Mr. GIBBONS. The exemption continues until IRS has proven

Mr. CHAPPELL. Yes, by a preponderance of the evidence that the school is discriminatory. Then what Mr. Gradison said, at that point, there could be a determination that if certain factors found to be discriminatory were cured, then the school might continue and exemption continue until such time it is shown that it can't meet the test.

This would be under whatever statutory guidance would be forthcoming from the Congress.

Mr. GIBBONS. Thank you very much.

Mr. CHAPPELL. Thank you, gentlemen.

Mr. GIBBONS. Our final panel today is composed of Mr. Robert Lamborn and Ann Rosewater. Mr. Lamborn represents the Council for American Private Education and Miss Rosewater represents the Education Coalition and Children's Defense Fund.

We welcome both of you witnesses and Mr. Lamborn, unless you object, we will let the lady proceed first.

Mr. LAMBORN. Fine. I have Mr. John Ryan with me as general counsel.

Mr. GIBBONS. He may come forward. We will let Miss Rosewater proceed first.

STATEMENT OF ANN ROSEWATER, THE EDUCATION COALITION Miss ROSEWATER. Mr. Chairman, members of the subcommittee, my name is Ann Rosewater.

I appreciate the opportunity to present to you the views of the Education Coalition, a group of nonprofit advocacy organizations, including the Southeastern Public Education Program of the American Friends Service Committee, the Federal Education Project of the Lawyers' Committee for Civil Rights Under Law, the Children's Defense Fund, and several community-based child care groups in the South.

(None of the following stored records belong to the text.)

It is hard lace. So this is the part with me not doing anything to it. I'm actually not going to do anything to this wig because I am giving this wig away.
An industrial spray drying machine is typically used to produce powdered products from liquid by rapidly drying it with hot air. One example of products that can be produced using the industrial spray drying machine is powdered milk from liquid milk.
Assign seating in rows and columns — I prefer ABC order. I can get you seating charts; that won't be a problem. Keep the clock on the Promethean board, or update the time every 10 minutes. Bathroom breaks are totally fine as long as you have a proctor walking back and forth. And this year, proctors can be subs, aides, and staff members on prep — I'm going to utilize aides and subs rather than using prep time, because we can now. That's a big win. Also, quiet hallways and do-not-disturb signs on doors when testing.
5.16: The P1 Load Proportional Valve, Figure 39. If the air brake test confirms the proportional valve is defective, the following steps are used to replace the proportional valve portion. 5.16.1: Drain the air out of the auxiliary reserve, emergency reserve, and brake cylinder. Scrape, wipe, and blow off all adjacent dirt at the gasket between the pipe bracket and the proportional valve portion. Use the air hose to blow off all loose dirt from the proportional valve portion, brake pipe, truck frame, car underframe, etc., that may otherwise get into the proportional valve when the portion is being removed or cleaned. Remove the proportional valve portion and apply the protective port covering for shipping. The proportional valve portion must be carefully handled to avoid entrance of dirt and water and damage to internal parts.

During the past decade the Education Coalition has worked cooperatively to assure that all children and families in this country receive the benefits of public education free from discrimination on the basis of race, sex, handicapping condition or economic or cultural background. The Education Coalition's concern about the matter of private school segregation is longstanding. Two early reports, the "Status of School Desegregation" (1970) and "It's Not Over in the South" (1973), identified the growth of discriminatory private academies and their negative impact on desegregating public school districts in southern communities.

Members of the coalition testified before the Internal Revenue Service late last year in response to the first set of guidelines, long overdue, to regulate the granting of tax-exempt status to private schools.

We are here before you today to restate our firm belief that in this 25th anniversary year of the Brown decision it is incumbent on Congress and the Federal Government to assure vigorous and consistent efforts to root out discriminatory practices in schools enjoying the benefits of Federal financial assistance, no matter in what form.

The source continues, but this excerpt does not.